En La ley de la ferocidad, Gabriel ya es adulto. Su padre acaba de morir y debe volver al barrio de la infancia para su funeral. Su regreso implica mucho más que un simple retorno físico: supone reencontrarse con los recuerdos, los excesos, las obsesiones y los viejos rencores. Porque el Gabriel adulto es ahora un empresario exitoso que, a pesar de sus autos, sus mujeres y sus posesiones, está solo. Y odia a su padre. El odio es profundo, la ferocidad es la ley que gobierna su vida. Está allí, latente, esperando atacar como un monstruo escondido. Esa ferocidad lo ha convertido en una isla que busca evadirse de sí mismo y de los demás a través de la droga y el alcohol. Pero el Gabriel adulto es también un hombre que escribe. Que escribirá su historia, recordará su infancia y purgará sus fantasmas, cinco años después de la muerte de su padre. El hombre que odia y el hombre que escribe son el mismo, aunque no siempre lo supieran. Son una «mixtura inestable que comienza a amalgamarse» por el hecho de escribir, nos dice Gabriel cuando empieza la novela.

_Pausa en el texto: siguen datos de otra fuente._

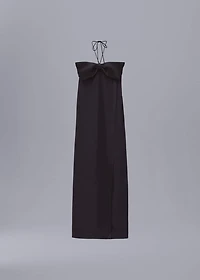 Crossed dress with bow neckline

El candor del niño que cuenta su historia y la ferocidad del hombre que escribe su historia son palpables, se hacen carne en las palabras, uno puede sentirlas porque es notorio el trabajo que Pablo Ramos ha realizado con el lenguaje de sus novelas. El niño habla como se le canta: coloquial, divertido, simple. Lo que dice causa gracia. El hombre que escribe, en cambio, utiliza expresiones metafóricas que impactan. La furia que lleva consigo se encarna en su escritura, la ferocidad aparece en el momento menos pensado, traspasa las palabras y asusta: «No ves que quiero ser tu amigo y no me sale. Y quiero ser amigo de tu amiga, y de tu hermana y de la hermana de tu hermana, y de tu puto padre y de la concha de tu putísima madre y del cadáver putrefacto de tu reputísima abuela […] hace toda la vida que me estoy muriendo, serpiente retorcida de ira, atragantada de ratas que apenas se durmieron, de carne cruda, de dolor, de rencor, de odio».

En la medida en que leía La ley de la ferocidad, no pude evitar preguntarme: ¿qué pasó con Gabriel? ¿Cómo fue que la ferocidad se convirtió en la ley de su vida?. Sobre la construcción del personaje, Pablo Ramos ha dicho que todo buen escritor tiene que dotar a sus personajes de carnadura. El personaje es una invención puramente intelectual y, por eso, el escritor debe lograr que el lector se quede pensando en lo que le sucede al personaje: que se preocupe, se interese, se quede pensando en lo que le pasa, aunque no exista. Eso es lo que hace que el lector se olvide del artificio y se conecte. Y precisamente eso me pasó cuando leía estas novelas: me divertí con Gabriel, me enojé con Gabriel, me preocupé por Gabriel, sentí su ferocidad, su bronca, su tristeza.

En varias entrevistas, Pablo ha dicho también que Gabriel es su yo literario: construido a partir de él, de sus experiencias, pero que es otra persona. Parece obvio pero es necesario decirlo, porque ambas novelas tienen un fuerte sustrato autorreferencial y podría ser tentador ver cuánto de Pablo hay en Gabriel. El autor explica: Gabriel es escritura, la puerta de entrada a la ficción, Pablo no. Aunque la vida de Pablo, según lo que él nos cuenta de sí mismo, tenga varias similitudes con la de su personaje: la infancia en Avellaneda, el odio al padre, el éxito efímero, los excesos, la escritura. Más allá de esos paralelismos, creo que el punto de contacto más interesante entre ambos es que los dos aprendieron a hacer otra cosa con sus fantasmas, sus rencores, sus obsesiones: contarlas.